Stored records

━━━━

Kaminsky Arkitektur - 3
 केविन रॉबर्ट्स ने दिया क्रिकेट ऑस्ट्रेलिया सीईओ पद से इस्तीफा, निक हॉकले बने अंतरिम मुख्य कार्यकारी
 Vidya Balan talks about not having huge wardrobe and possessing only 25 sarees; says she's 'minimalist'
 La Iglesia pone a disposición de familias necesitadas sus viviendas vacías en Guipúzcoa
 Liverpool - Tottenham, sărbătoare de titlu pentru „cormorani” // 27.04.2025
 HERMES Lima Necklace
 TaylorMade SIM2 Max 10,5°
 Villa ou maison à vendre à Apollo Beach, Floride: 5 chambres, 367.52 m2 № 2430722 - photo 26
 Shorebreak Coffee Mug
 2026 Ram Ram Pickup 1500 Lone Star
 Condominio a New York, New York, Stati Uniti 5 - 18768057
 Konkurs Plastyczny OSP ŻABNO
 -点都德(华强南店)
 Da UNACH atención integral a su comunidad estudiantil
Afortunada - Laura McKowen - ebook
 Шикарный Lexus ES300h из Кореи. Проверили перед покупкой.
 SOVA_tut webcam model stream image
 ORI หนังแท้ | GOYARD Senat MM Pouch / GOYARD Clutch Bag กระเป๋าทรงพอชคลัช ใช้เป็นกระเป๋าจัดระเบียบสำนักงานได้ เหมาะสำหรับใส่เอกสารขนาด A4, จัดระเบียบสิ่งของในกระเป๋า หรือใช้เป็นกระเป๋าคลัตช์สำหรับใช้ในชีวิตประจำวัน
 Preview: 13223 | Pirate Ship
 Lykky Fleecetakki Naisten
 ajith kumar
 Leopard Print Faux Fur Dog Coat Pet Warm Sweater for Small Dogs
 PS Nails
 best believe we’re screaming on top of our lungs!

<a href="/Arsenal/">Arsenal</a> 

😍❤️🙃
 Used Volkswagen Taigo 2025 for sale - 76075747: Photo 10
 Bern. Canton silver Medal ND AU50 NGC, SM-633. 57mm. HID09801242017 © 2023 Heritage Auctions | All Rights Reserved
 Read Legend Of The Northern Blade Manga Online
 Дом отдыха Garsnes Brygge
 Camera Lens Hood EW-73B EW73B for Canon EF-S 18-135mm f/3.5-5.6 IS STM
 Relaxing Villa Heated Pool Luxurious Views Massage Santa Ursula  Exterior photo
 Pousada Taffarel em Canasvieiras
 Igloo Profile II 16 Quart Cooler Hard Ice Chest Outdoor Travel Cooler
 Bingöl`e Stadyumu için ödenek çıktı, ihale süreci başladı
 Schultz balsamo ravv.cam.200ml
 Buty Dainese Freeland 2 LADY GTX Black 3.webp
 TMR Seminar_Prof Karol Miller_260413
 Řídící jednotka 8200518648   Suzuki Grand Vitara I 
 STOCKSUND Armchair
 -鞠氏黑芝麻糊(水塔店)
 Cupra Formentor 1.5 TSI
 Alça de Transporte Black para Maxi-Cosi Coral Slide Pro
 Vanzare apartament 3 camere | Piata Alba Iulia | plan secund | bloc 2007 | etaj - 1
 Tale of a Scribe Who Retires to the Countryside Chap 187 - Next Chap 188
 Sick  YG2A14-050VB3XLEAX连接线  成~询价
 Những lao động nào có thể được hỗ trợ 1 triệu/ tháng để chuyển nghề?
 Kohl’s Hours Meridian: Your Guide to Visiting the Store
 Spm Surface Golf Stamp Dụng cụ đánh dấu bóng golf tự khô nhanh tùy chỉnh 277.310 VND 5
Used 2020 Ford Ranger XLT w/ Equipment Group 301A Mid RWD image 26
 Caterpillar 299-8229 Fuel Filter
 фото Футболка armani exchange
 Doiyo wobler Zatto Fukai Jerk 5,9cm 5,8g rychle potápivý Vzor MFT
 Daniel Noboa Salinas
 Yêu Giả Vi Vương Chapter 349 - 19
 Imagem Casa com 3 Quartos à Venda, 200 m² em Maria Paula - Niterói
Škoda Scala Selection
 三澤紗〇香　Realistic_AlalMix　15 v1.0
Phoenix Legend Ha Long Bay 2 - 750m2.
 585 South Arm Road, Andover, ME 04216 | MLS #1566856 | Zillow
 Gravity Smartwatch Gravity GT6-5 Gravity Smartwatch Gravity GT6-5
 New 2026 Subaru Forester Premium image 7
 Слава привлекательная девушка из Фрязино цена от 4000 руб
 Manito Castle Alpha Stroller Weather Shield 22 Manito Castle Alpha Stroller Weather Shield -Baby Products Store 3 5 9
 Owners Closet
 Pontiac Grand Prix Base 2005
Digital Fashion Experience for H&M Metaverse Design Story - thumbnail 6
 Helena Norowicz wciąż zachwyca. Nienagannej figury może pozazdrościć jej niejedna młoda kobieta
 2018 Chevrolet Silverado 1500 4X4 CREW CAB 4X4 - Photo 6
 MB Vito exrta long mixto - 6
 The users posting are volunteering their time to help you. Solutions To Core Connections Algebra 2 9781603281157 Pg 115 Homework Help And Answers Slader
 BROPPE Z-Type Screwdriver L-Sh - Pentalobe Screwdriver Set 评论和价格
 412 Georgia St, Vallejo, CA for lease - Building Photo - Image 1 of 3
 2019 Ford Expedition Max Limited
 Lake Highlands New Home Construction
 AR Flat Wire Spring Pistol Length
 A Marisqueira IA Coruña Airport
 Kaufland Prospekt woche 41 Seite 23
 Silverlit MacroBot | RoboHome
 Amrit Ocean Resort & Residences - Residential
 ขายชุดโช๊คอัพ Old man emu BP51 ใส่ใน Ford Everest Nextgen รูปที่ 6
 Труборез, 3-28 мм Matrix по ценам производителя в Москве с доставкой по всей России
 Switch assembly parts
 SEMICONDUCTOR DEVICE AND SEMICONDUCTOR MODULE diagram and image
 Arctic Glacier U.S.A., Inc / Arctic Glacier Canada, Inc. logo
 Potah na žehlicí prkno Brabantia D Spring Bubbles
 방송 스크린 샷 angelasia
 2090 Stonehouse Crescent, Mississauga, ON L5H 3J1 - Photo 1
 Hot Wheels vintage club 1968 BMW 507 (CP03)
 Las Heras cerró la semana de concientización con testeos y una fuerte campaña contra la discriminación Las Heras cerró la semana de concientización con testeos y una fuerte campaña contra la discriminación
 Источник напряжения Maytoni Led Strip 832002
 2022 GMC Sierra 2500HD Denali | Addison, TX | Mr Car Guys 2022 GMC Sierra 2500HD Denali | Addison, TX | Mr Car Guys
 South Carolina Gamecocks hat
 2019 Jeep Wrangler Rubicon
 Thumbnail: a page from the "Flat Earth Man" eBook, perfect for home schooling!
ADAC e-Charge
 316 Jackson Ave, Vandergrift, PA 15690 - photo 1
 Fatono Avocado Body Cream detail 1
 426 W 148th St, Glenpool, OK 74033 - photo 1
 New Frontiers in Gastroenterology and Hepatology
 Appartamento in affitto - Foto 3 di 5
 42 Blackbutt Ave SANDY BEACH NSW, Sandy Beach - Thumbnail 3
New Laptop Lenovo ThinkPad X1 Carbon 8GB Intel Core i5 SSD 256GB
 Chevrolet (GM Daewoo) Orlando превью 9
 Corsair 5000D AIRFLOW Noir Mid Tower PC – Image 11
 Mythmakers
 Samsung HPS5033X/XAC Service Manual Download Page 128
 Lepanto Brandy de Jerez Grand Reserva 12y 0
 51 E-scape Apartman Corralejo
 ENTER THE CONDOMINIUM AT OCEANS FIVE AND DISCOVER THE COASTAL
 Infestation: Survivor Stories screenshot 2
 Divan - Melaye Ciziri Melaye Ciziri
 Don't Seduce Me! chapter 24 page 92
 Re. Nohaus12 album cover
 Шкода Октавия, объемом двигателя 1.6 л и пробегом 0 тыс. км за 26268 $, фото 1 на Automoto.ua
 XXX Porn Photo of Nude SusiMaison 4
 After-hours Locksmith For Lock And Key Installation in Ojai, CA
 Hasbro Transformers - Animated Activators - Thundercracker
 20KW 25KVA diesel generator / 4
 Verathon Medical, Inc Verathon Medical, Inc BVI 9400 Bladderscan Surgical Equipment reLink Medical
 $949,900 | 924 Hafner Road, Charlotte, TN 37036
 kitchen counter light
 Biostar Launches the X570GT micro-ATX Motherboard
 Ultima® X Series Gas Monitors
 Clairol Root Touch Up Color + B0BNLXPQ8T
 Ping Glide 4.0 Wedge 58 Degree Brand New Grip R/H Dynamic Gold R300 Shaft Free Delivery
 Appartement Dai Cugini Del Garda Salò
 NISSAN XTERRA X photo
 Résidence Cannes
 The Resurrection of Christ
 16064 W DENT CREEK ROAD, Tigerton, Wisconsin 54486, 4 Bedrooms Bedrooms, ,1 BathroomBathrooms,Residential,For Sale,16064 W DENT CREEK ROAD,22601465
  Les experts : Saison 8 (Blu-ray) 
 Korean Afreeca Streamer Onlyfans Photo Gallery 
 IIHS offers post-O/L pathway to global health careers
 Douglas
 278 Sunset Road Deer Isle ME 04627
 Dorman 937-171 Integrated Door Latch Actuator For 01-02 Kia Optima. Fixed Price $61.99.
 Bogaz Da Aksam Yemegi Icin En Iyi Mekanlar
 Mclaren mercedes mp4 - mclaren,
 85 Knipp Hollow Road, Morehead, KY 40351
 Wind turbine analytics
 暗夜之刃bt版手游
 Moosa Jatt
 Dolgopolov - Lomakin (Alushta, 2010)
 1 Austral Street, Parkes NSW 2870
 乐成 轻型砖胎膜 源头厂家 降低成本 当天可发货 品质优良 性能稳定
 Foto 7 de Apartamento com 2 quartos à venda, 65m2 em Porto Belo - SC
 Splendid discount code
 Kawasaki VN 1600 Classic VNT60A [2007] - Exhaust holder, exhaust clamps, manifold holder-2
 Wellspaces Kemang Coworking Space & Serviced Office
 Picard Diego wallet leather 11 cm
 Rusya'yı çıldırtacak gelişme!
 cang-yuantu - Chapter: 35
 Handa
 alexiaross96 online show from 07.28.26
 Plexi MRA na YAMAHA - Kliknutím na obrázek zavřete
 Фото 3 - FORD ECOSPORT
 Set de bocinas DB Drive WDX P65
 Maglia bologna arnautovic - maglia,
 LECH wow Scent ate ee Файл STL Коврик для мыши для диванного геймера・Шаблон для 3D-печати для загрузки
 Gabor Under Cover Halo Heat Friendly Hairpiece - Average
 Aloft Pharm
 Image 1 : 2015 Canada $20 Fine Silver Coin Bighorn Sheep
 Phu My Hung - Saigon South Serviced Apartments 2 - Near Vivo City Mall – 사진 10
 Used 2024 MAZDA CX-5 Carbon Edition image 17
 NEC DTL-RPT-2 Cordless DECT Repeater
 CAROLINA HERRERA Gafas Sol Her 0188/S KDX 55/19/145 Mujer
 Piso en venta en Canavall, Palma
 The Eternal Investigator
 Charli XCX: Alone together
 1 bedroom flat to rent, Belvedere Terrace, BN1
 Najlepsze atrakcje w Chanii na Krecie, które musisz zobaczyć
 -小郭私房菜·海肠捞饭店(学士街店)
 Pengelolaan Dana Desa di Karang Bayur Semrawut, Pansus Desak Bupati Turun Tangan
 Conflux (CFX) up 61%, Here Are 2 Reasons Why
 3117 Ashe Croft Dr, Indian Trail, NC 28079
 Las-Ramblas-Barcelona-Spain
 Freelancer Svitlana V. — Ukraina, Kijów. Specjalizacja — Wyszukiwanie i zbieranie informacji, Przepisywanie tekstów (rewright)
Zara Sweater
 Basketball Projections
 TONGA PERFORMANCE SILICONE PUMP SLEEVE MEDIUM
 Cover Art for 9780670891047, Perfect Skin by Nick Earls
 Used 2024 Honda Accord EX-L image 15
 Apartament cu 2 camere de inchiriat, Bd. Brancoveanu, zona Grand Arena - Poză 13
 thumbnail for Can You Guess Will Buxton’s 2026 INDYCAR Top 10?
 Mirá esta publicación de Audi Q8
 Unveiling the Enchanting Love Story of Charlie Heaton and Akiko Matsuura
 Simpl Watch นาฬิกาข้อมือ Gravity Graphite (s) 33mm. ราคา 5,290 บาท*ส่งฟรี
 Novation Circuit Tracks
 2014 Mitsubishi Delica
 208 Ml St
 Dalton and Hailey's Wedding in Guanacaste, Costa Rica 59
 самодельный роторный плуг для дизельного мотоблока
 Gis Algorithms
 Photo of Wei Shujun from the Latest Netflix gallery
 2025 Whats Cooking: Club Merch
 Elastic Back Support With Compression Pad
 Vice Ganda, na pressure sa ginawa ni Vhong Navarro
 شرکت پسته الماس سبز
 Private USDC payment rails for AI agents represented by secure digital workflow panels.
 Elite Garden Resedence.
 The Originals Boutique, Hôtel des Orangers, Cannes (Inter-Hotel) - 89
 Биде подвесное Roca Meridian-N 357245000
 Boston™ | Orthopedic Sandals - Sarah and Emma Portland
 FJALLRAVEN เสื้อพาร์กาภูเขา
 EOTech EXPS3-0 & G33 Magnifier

━━━━

Give back exactly the lines above, from the line containing "Las-Ramblas-Barcelona-Spain" through the line containing "TONGA PERFORMANCE SILICONE", with both end lines and nothing more.

 Las-Ramblas-Barcelona-Spain
 Freelancer Svitlana V. — Ukraina, Kijów. Specjalizacja — Wyszukiwanie i zbieranie informacji, Przepisywanie tekstów (rewright)
Zara Sweater
 Basketball Projections
 TONGA PERFORMANCE SILICONE PUMP SLEEVE MEDIUM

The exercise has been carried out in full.